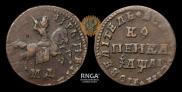 1 kopeck 1711 year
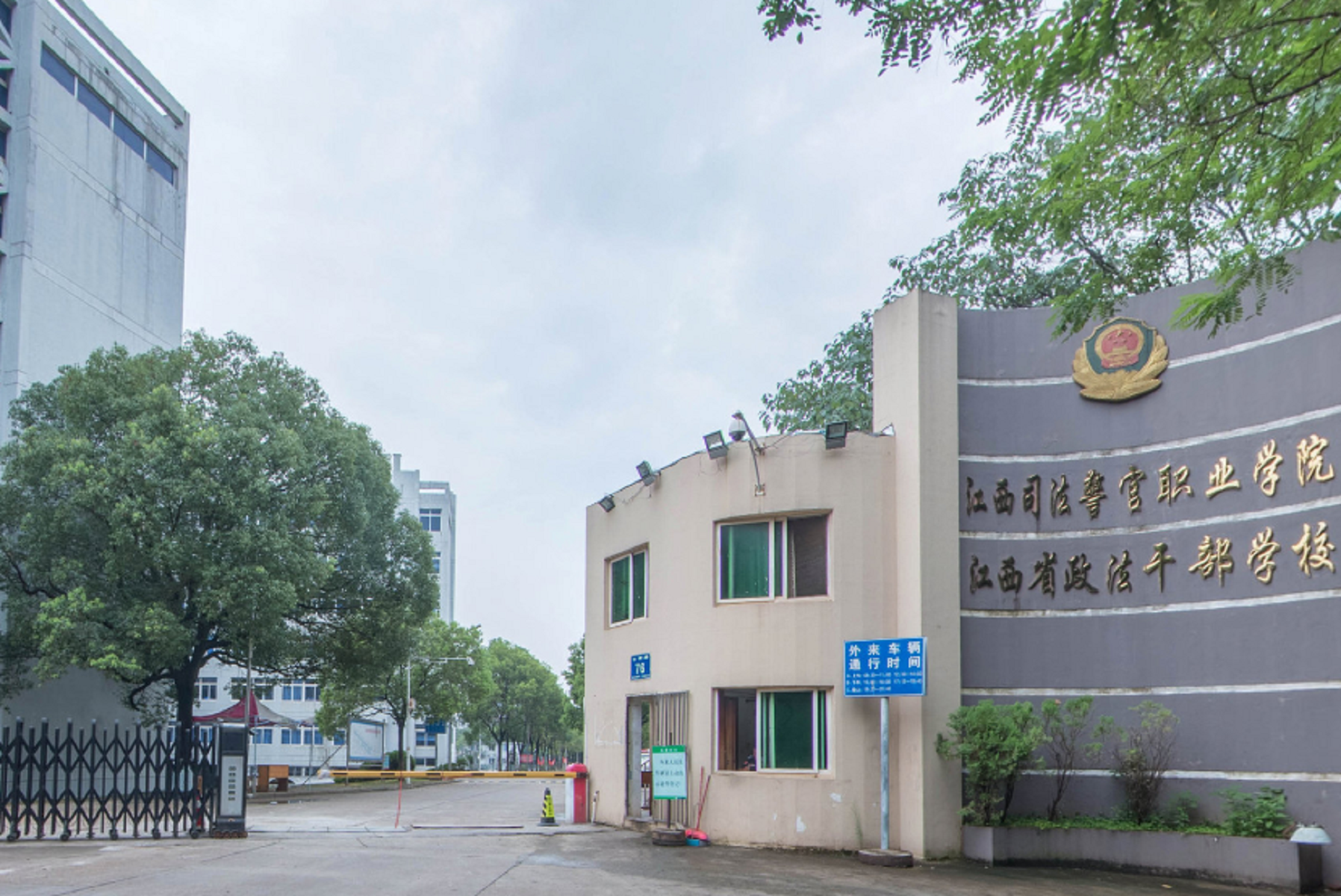  p>江西司法警官职业学院,位于江西省南昌市,是2002年4月经 a href="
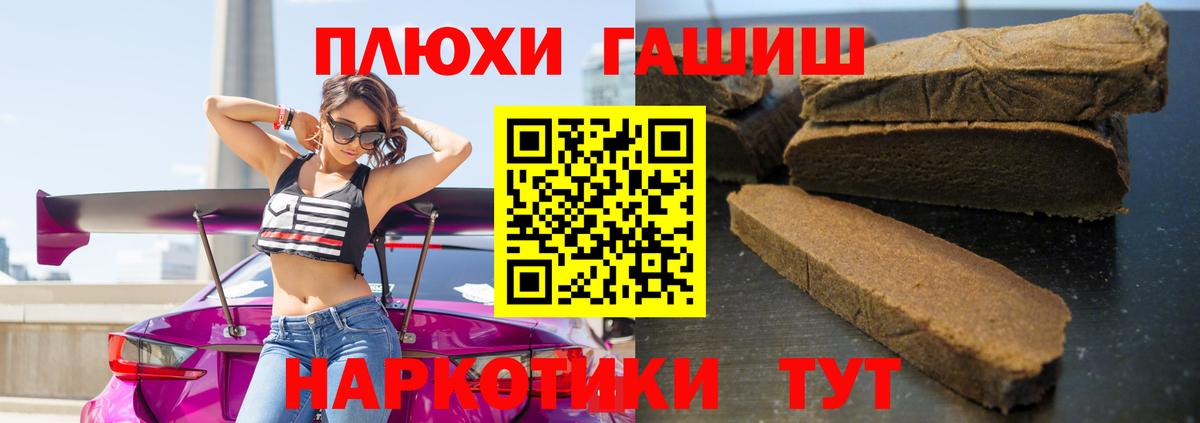 Гашиш  Гашиш hashish  Вход с VPN  Гашиш хэш  Котлас 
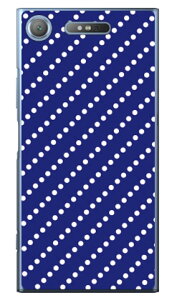 �h�b�g�X�g���C�v �l�C�r�[×�z���C�g �i�N���A�j Xperia XZ1 SOV36�ESO-01K�E701SO au�Edocomo�ESoftBank SECOND SKIN xperia xz1 �P�[�X xperia xz1 �J�o�[ xz1 �P�[�X xz1 �J�o�[ �G�N�X�y���Axz1 �P�[�X �G�N�X�y��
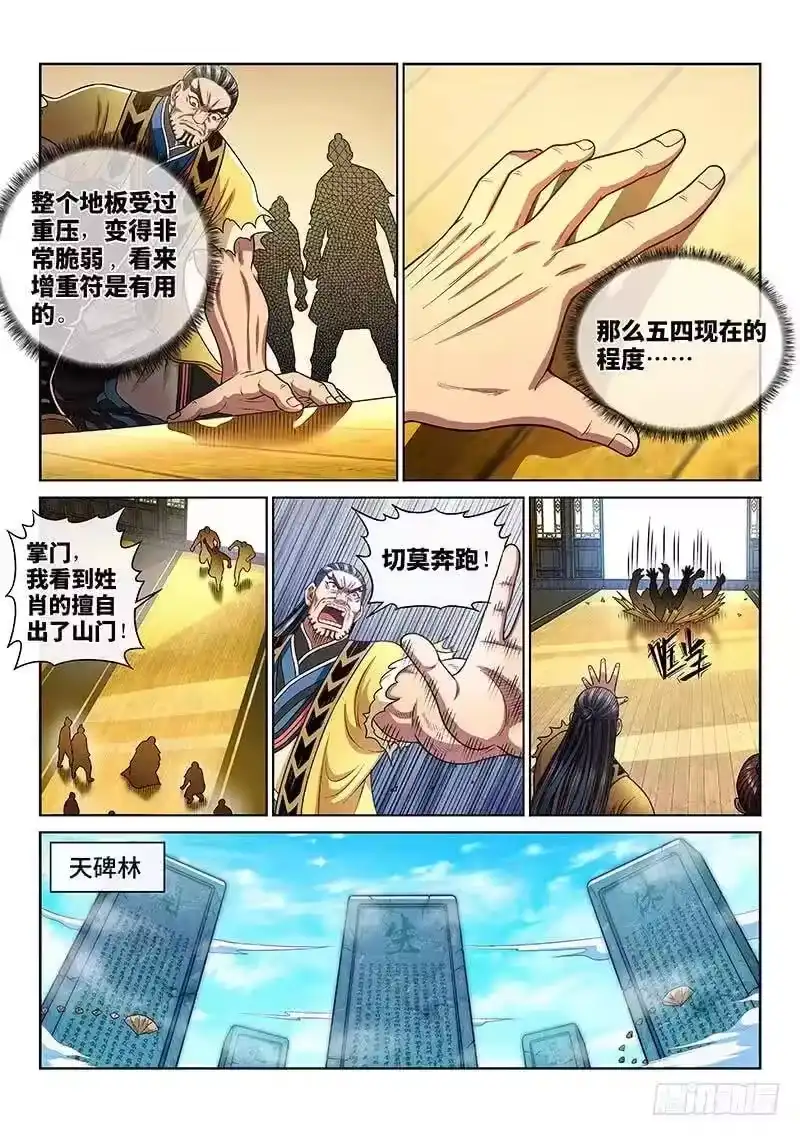 我是大神仙_h 第二五五话·约定之人 第5页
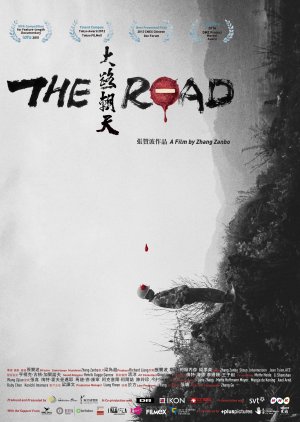 The Road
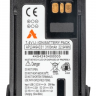 Акумуляторна батарея APLI4494C31 для Motorola DP4400 з бічним Type-C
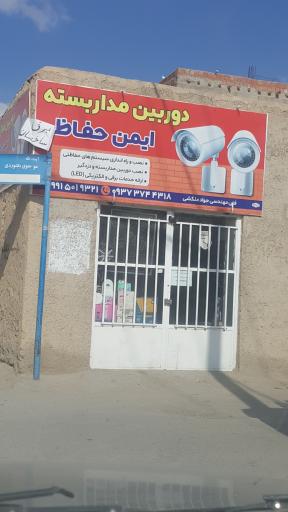 عکس دوربین مداربسته ایمن حفاظ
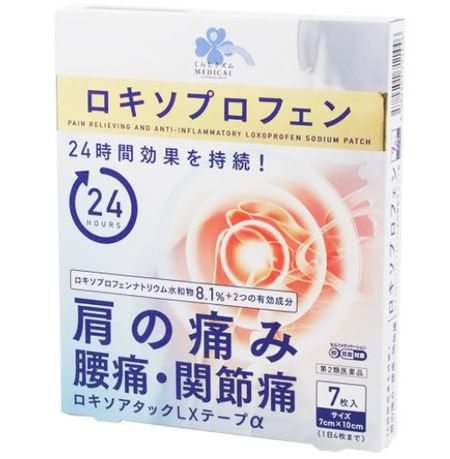 【第2類医薬品】くらしリズム ロキソアタックＬＸ　テープα ７枚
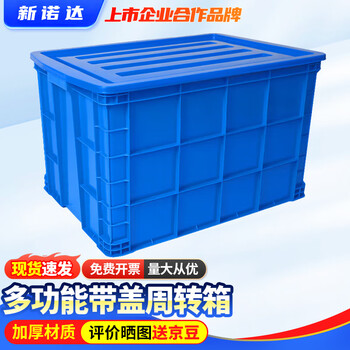 Plastic turnover box with lid, parts material box, turtle and fish farming logistics storage and organization box, plastic basket rectangular box, outer size #830*580*510mm 200l blue white/red/yellow/green contact remarks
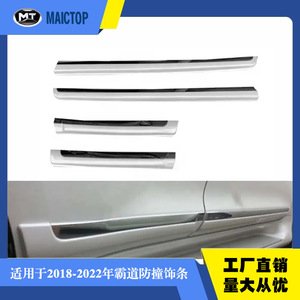 Applicable to 2018 Toyota Prado four-<b>door</b> anti-collision strips and four-<b>door</b> <b>trim</b> strips - Product Image 5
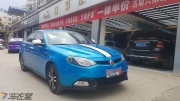冰爽一夏 大眾MG6極光海洋藍(lán)車身改色貼膜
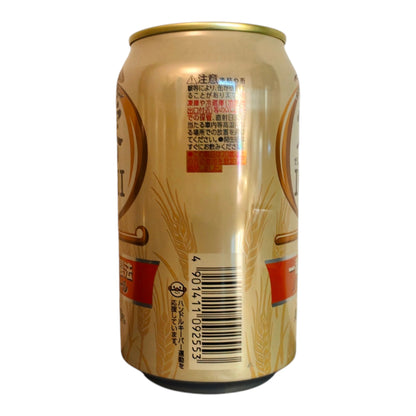 Kirin Zero Ichi, Japanese Non-Alcoholic Beer Beverage, 350ml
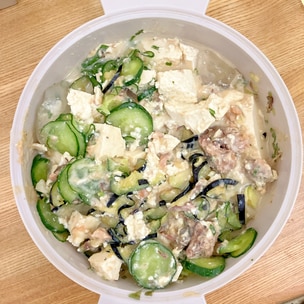 ご飯が進む！！ツナ缶で作る！冷や汁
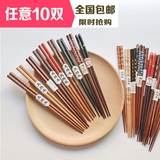 日式尖头木筷子天然木质便携餐具寿司筷子料理筷酒店用筷实木餐具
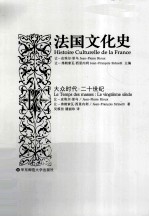 法国文化史 4 大众时代:二十世纪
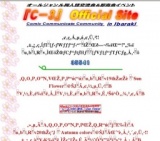 「C−3」19th 取手 〜Sun Flower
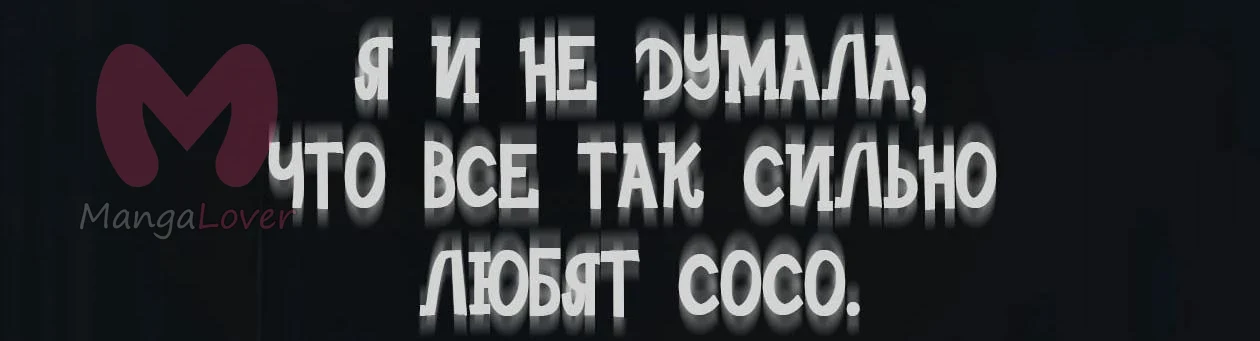 Небесный демон жаждет покоя — Глава 91, страница 96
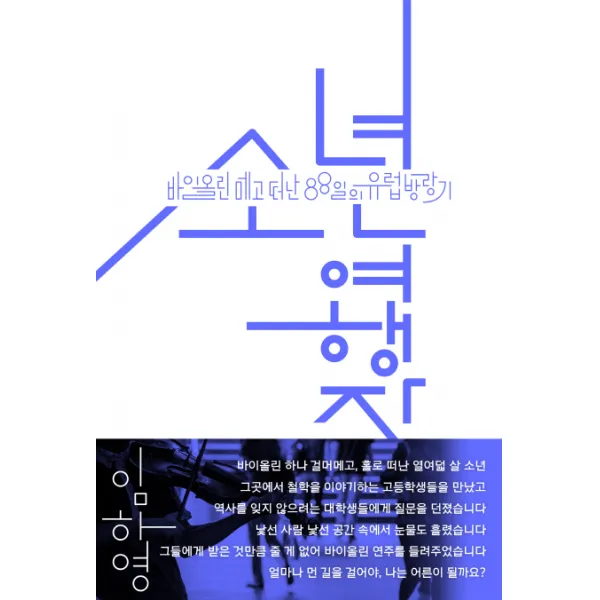 소년여행자:바이올린 메고 떠난 88일의 유럽방랑기, 천년의상상
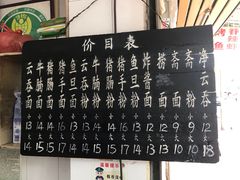 -海幢瑞芳饮食店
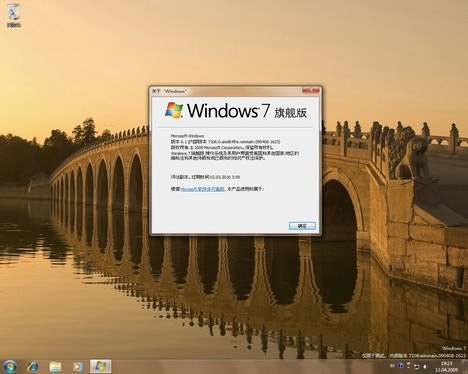 Windows 7 internete düştü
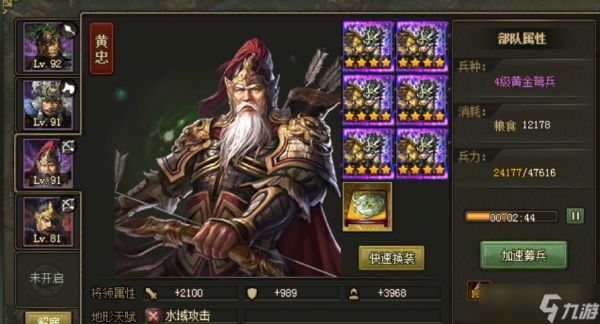 攻城掠地宋谦怎么打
.....
- _WHAT THE EXERCISE ASKS_: Print the records above exactly as they stand, but leave out the pictures.

- _WRITTEN SOLUTION_:
 1 kopeck 1711 year
  p>江西司法警官职业学院,位于江西省南昌市,是2002年4月经 a href="
 Гашиш  Гашиш hashish  Вход с VPN  Гашиш хэш  Котлас 
 �h�b�g�X�g���C�v �l�C�r�[×�z���C�g �i�N���A�j Xperia XZ1 SOV36�ESO-01K�E701SO au�Edocomo�ESoftBank SECOND SKIN xperia xz1 �P�[�X xperia xz1 �J�o�[ xz1 �P�[�X xz1 �J�o�[ �G�N�X�y���Axz1 �P�[�X �G�N�X�y��
 我是大神仙_h 第二五五话·约定之人 第5页
 The Road
 Акумуляторна батарея APLI4494C31 для Motorola DP4400 з бічним Type-C
 عکس دوربین مداربسته ایمن حفاظ
 【第2類医薬品】くらしリズム ロキソアタックＬＸ　テープα ７枚
 Plastic turnover box with lid, parts material box, turtle and fish farming logistics storage and organization box, plastic basket rectangular box, outer size #830*580*510mm 200l blue white/red/yellow/green contact remarks
 Applicable to 2018 Toyota Prado four-<b>door</b> anti-collision strips and four-<b>door</b> <b>trim</b> strips - Product Image 5
冰爽一夏 大眾MG6極光海洋藍(lán)車身改色貼膜
 Kirin Zero Ichi, Japanese Non-Alcoholic Beer Beverage, 350ml
 ご飯が進む！！ツナ缶で作る！冷や汁
 日式尖头木筷子天然木质便携餐具寿司筷子料理筷酒店用筷实木餐具
 法国文化史 4 大众时代:二十世纪
 「C−3」19th 取手 〜Sun Flower
 Небесный демон жаждет покоя — Глава 91, страница 96
 소년여행자:바이올린 메고 떠난 88일의 유럽방랑기, 천년의상상
 -海幢瑞芳饮食店
 Windows 7 internete düştü
 攻城掠地宋谦怎么打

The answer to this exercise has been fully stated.